Items listed in a dataset:
BEGIN

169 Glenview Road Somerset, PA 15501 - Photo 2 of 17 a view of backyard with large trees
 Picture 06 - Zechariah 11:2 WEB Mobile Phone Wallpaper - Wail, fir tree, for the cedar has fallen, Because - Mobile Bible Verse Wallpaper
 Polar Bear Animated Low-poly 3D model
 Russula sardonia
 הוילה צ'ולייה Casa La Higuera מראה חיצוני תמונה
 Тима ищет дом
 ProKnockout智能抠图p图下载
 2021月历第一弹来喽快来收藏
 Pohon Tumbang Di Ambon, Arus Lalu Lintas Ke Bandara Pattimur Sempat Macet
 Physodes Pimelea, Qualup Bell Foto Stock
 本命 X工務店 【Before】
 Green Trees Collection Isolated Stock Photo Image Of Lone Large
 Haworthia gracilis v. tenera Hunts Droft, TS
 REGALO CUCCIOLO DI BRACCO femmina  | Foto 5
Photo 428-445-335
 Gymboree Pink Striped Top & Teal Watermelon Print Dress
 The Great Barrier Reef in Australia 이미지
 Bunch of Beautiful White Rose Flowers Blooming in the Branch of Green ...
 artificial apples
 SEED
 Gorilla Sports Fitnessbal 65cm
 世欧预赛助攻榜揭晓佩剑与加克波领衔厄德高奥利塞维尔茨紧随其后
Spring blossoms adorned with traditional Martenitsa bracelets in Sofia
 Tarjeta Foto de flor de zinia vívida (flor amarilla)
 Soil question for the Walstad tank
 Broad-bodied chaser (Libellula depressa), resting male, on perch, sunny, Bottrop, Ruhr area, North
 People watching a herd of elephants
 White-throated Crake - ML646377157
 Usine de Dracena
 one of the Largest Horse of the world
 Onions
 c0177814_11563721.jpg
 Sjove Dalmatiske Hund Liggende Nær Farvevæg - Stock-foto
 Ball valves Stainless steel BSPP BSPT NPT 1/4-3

END

About this task: Once you have identified the lines above that contain "Stock", copy each of them.

Result of this task:
 Physodes Pimelea, Qualup Bell Foto Stock
 Green Trees Collection Isolated Stock Photo Image Of Lone Large
 Sjove Dalmatiske Hund Liggende Nær Farvevæg - Stock-foto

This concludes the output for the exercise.